Tony Blair was challenged at Commons question time by the Tory leader William Hague shortly after a meeting in London between Foreign Secretary Robin Cook and the leading Chinese human rights activist, Wei Jingsheng.

Democracy dissident Mr Wei spent almost 18 years behind bars in China before being released last year. He lives in America and cannot return to China. He is now on a seven-week, 10-country tour in an effort to highlight human rights abuses in China.

Last night there were reports that Mr Jingsheng accused Mr Cook of being two-faced and said the Foreign Office had tried to stop him meeting the press. "This was a deliberate attempt to minimise exposure to embarrassing questions," he was reported as saying.

Britain has decided, along with its European Union partners, not to support any resolution on China at the annual meeting of the United Nations Human Rights Commission in Geneva next month, which Mr Wei plans to attend. However, officials yesterday said there was "no question of a cosy attitude towards the Chinese regime".

In the Commons, Mr Hague said that it was the first time in nine years that Britain had not supported such a resolution, and he accused the Government of reneging on its commitment to put human rights at the centre of its "ethical" foreign policy.

But Mr Blair insisted: "Not merely have we raised human rights issues in respect of China continually, we have also, as president of the EU, been getting support from other European countries in order to make the very issues that are at the heart of Mr Wei's case clear to the Chinese Government. But we did not feel that this UN resolution was the right way to proceed."

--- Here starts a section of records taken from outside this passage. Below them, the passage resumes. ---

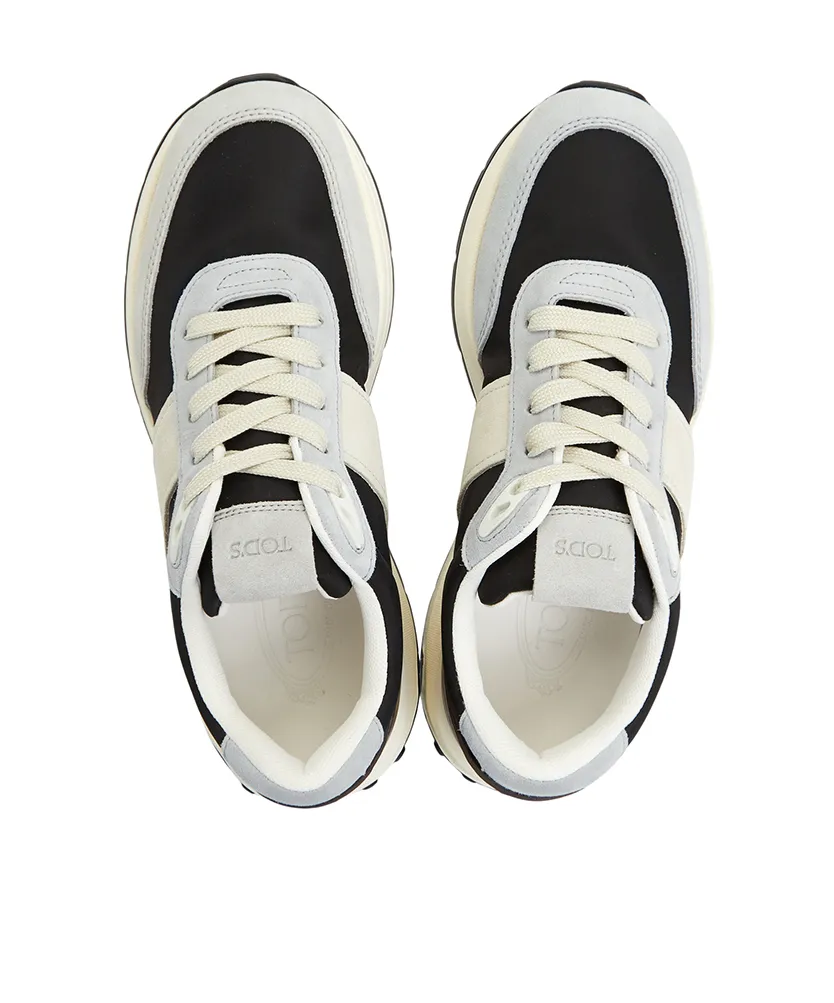 Suede-Panelled Sneakers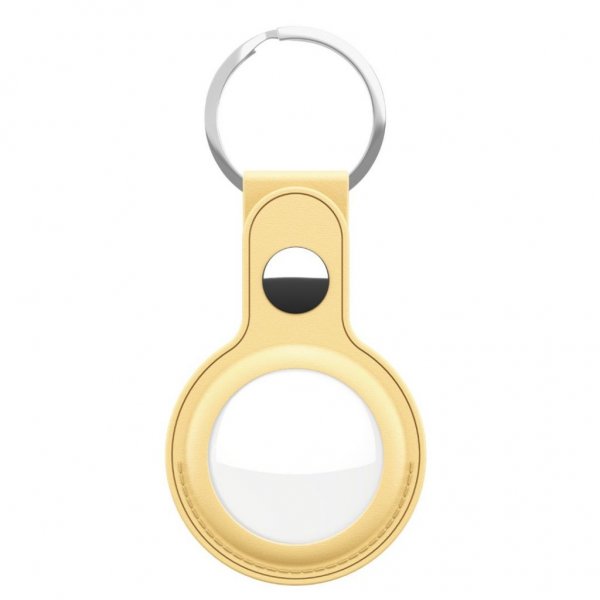 KeyBudz AirTag Hållare Läder 2-pack Gul
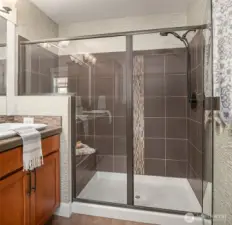 This handsome and accessible step-in tile shower with glass doors offers a convenient built in bench and handheld fixtures.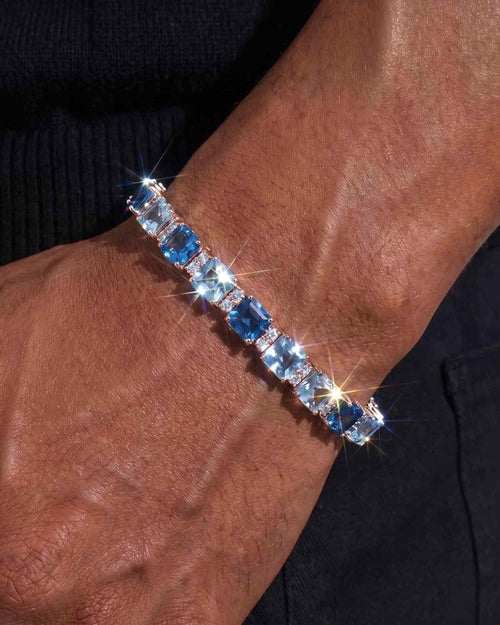 5mm asscher cut blue moissanite tennis bracelet rose model
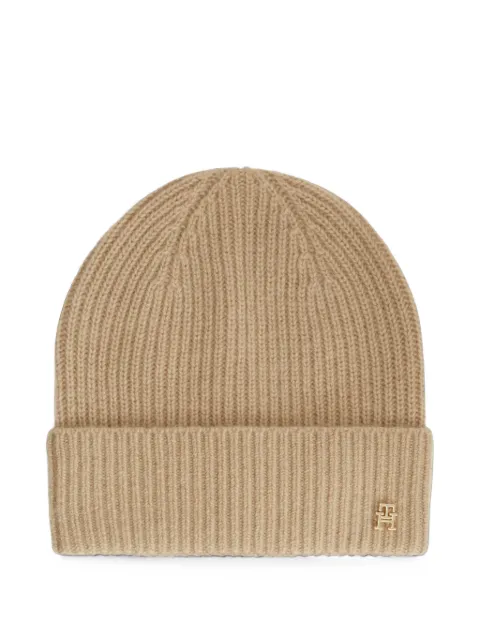 Tommy Hilfiger ribbed-knit logo-plaque beanie hat Neutrals AW0AW19098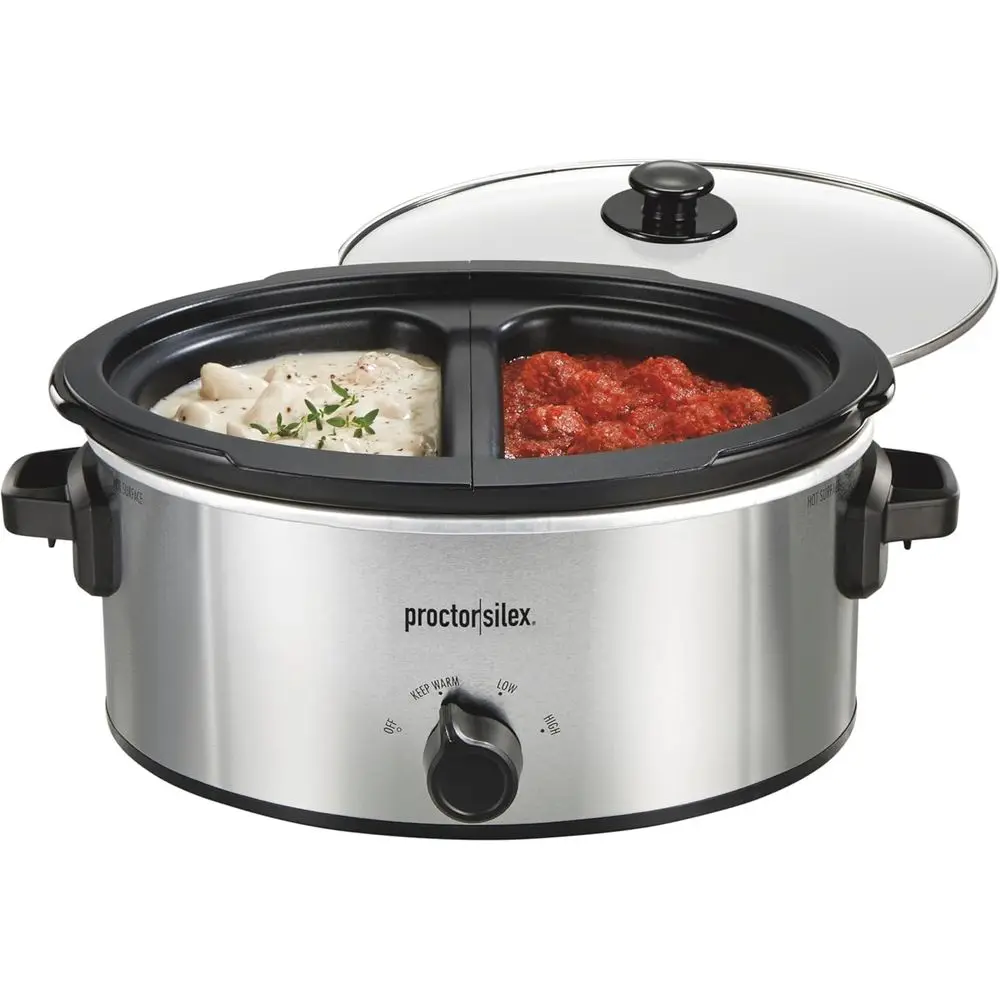 Double Dish Slow Cooker with 6qt Crock and Dual 2.5qt Nonstick Insert to Cook Two Meals at Once, Dishwasher Sae Pot & Lid, Silve
Double Dish Slow Cooker with 6qt Crock and Dual 2.5qt Nonstick Insert to Cook Two Meals at Once, Dishwasher Sae Pot & Lid, Silve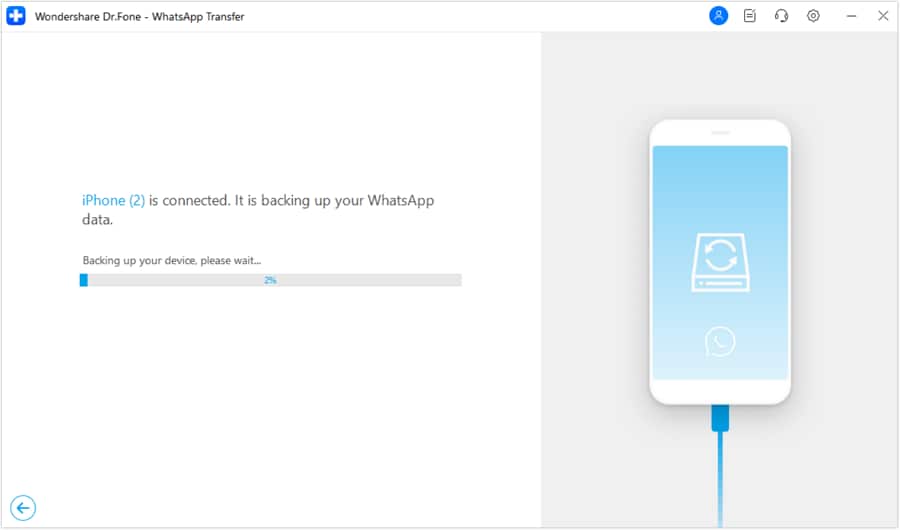 start backup - how to transfer WhatsApp data from iPhone to pc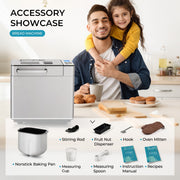 Simzlife Bread Maker, 25 Baking Programs, 2 lb Dough Capacity, Stainless Steel, Auto Fruit Nut Yeast Dispensers, Digital Display, BM002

In past years the EU has been split over a resolution and last month it decided that it would be better to present a united front through dialogue with China on human rights issues, rather than by tabling a resolution which would almost certainly not get passed anyway.

Last month, China praised the EU for its "wise decision" not to criticise Peking for human rights abuses in a United Nations resolution, saying that it welcomed non-confrontational dialogue on the issue.